=== Begin Enclosure ===
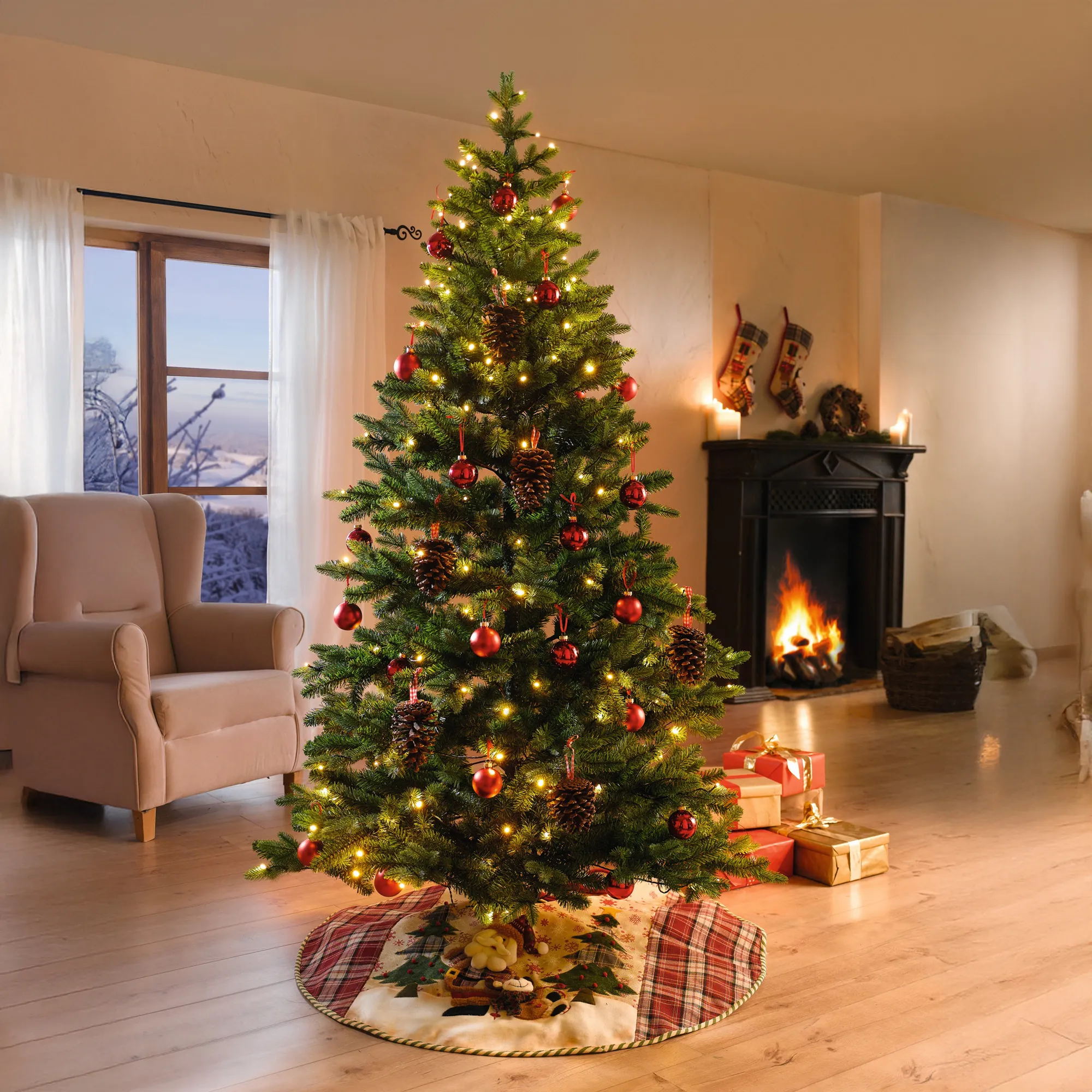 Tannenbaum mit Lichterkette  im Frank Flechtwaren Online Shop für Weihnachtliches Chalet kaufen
=== End Enclosure ===
=== Begin Enclosure ===
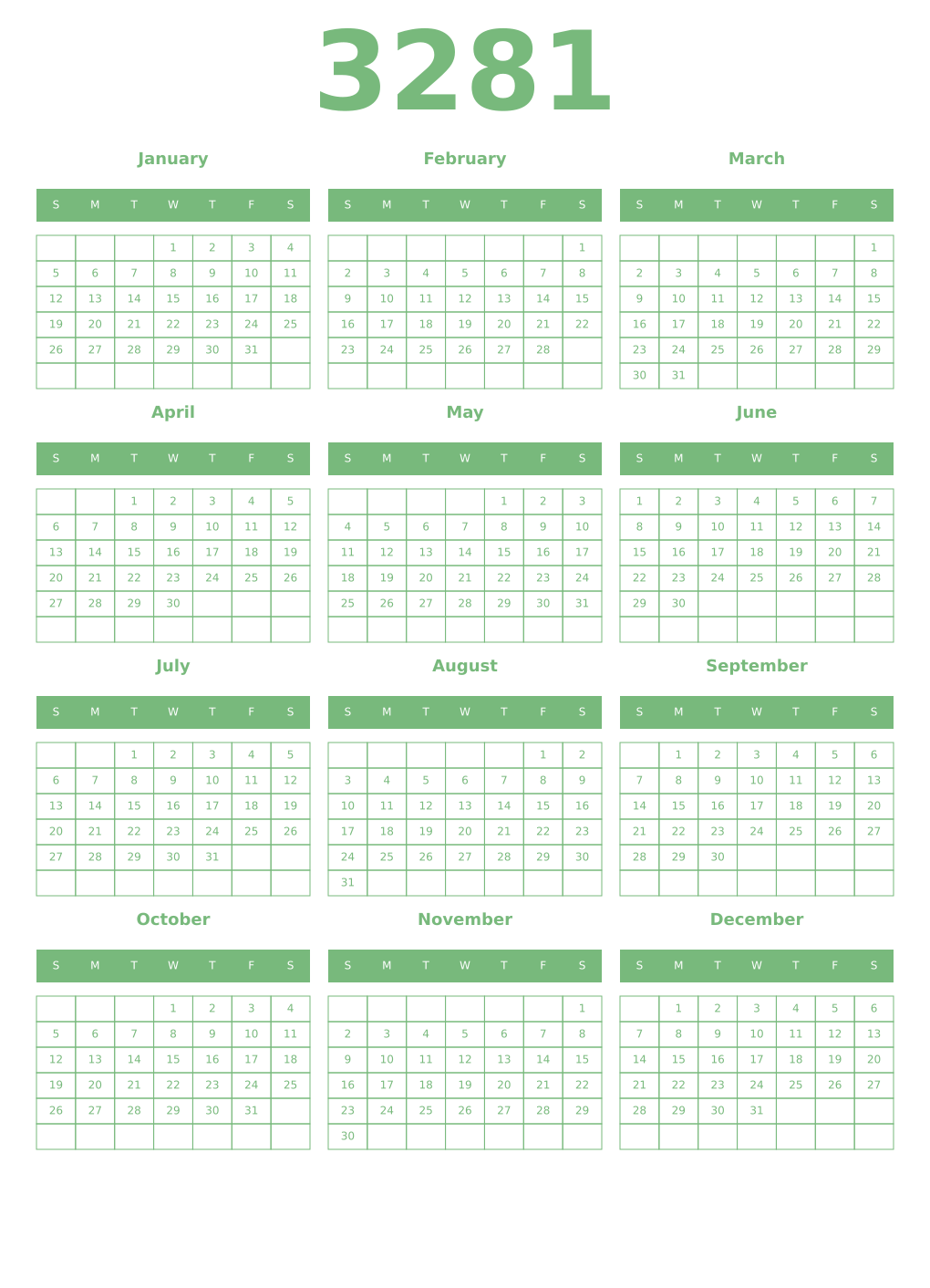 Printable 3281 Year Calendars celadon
=== End Enclosure ===
=== Begin Enclosure ===
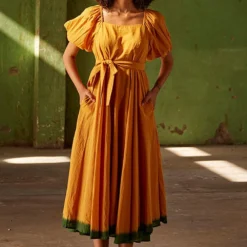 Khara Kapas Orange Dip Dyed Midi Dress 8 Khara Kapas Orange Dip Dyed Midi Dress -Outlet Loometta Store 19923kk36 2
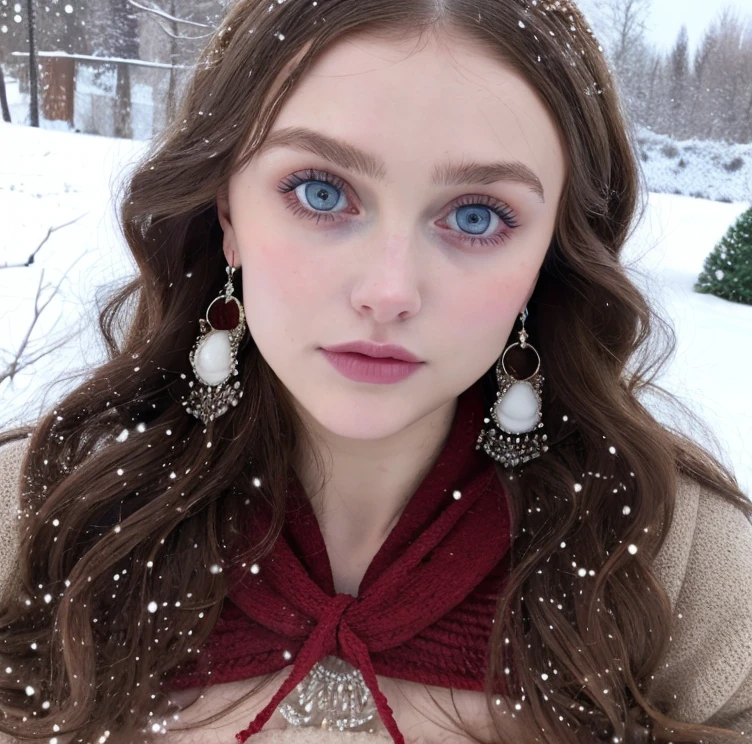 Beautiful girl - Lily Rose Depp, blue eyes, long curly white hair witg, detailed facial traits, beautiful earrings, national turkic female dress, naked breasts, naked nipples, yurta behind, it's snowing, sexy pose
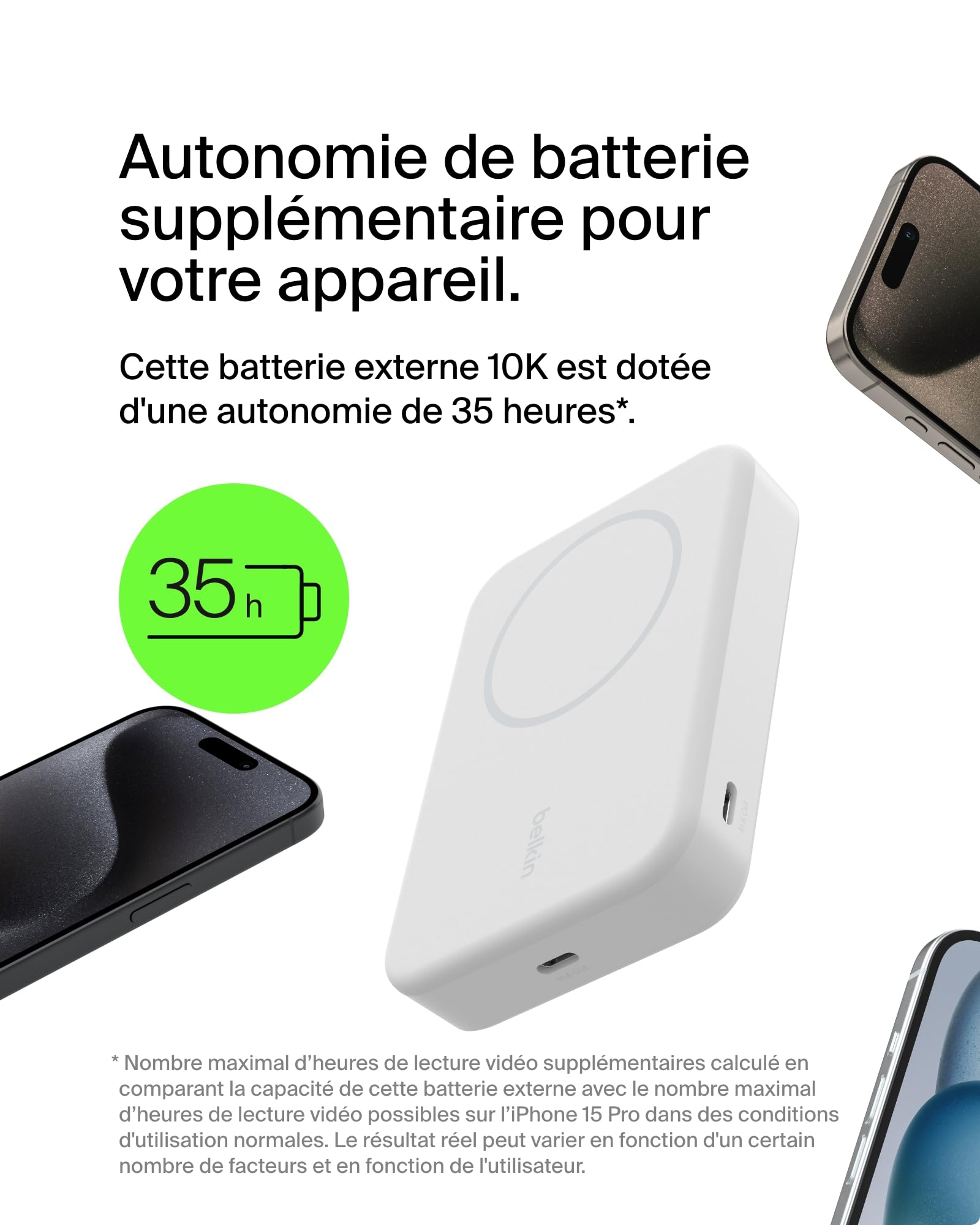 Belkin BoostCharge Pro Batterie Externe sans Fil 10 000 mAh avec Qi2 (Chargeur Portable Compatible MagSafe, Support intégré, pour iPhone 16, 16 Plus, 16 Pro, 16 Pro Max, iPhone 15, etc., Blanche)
=== End Enclosure ===
Copy back exactly the lines above from the one containing "Beautiful girl - Lily" through the one containing "Belkin BoostCharge Pro", and leave every picture behind.

Written response:
 Beautiful girl - Lily Rose Depp, blue eyes, long curly white hair witg, detailed facial traits, beautiful earrings, national turkic female dress, naked breasts, naked nipples, yurta behind, it's snowing, sexy pose
 Belkin BoostCharge Pro Batterie Externe sans Fil 10 000 mAh avec Qi2 (Chargeur Portable Compatible MagSafe, Support intégré, pour iPhone 16, 16 Plus, 16 Pro, 16 Pro Max, iPhone 15, etc., Blanche)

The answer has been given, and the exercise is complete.